Blame the weather. 25ºC in mid-October really pulls people outside, and this restaurant in Vienna’s popular Lainzer Tiergarten was not ready for the influx. Sweaty waiters were engaged in some sort of a Brownian motion, their taking and delivering orders resembling a tennis match against twenty opponents at once. With twenty balls. I spent ten minutes looking for a table, missing three or four opportunities by mere milliseconds. Then I found, by pure luck, a small one table just to have a couple coming and asking to share it. I was too surprised to say “no.” They would not have heard my “no” anyway, I guess, because of all the screaming kids running around and their parents screaming at them to get quiet. Actually, it was a nice and friendly couple, who managed to catch a waiter within seconds (I had to wait at least a quarter of an hour) but were still waiting for the food after I had finished mine. But then they succeeded in finishing their dishes and leaving while I was still waiting for my final glass of wine and the bill.

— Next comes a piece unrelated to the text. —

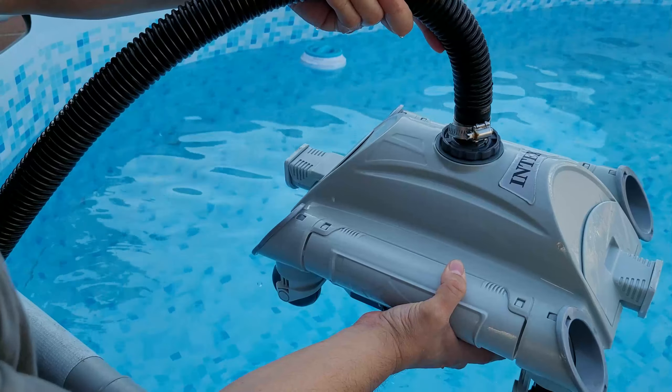Turn it on — first time turning it on. We're going to let it go. Let's get to it.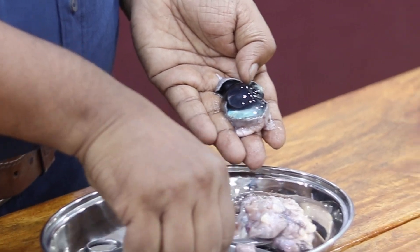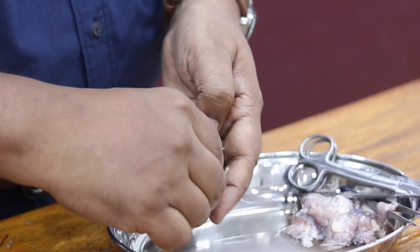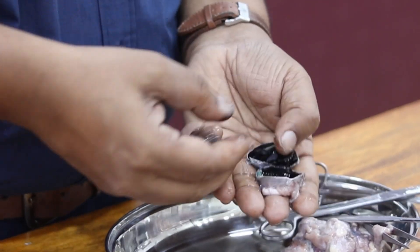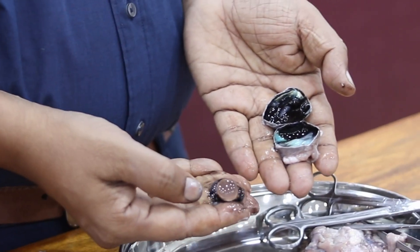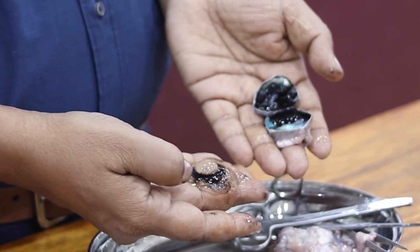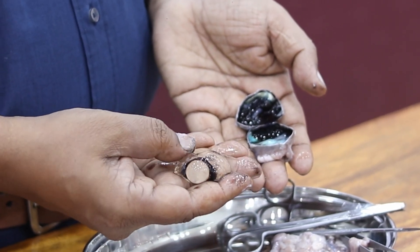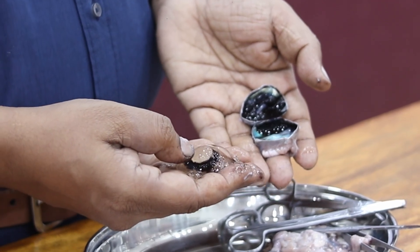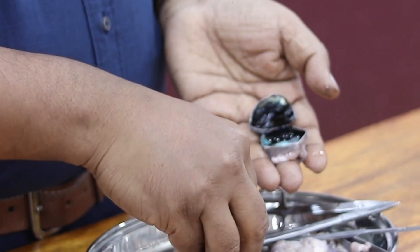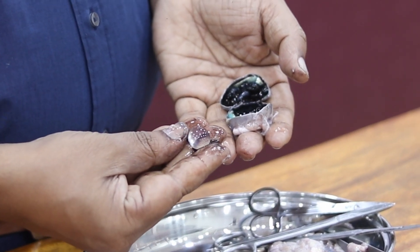I'm going to take the vitreous body out and show you the lens. Look at this — this is the lens, and you can see some of the iris pigments present around the lens. This jelly-like material is the vitreous body. We can separate the lens — let me show you the lens after separation. This one is the lens, and it has a lens capsule.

Bizarrely, the most annoying element of that situation were the ladybugs, which – probably driven mad by the abnormal weather – were constantly landing on the table and on the page of the book I was reading, and occasionally simply hitting various parts of my body at high speed.
I am not sure if I would have enjoyed the Brettljause had it even been fantastic. It was not. It was as if the cook decided to annoy me even more and made sure that the most prominently featured ingredients were exactly the ones I like least: a blood sausage and a liver pâté. The sausage was conquered by wrapping it in horseradish and trying not to think. As for the pâté, even the thick layer of jam on its top could not kill the strong taste of liver. The strange type of bread that kept on falling apart did not help alleviate my suffering, and was so sparse that it ran out before I could use it on the better ingredients: Geselchtes, Speck and Bergkäse.
The Speck and especially the cheese were quite good, actually, and the Geselchtes would have been fine, too, had the cook noticed and removed a huge piece of skin that tasted like rubber.
It was only later that I spotted the name of the restaurant – Labstelle – which I am quite sure was different the last time I visited it a few years ago. I could not find it by googling if there was any relationship between this Labstelle and the Labstelle in the first district, the home of the worst Brettljause ever. But please rest assured that despite everything I wrote above, this Steinbrettl Jaus’n is a delight in comparison.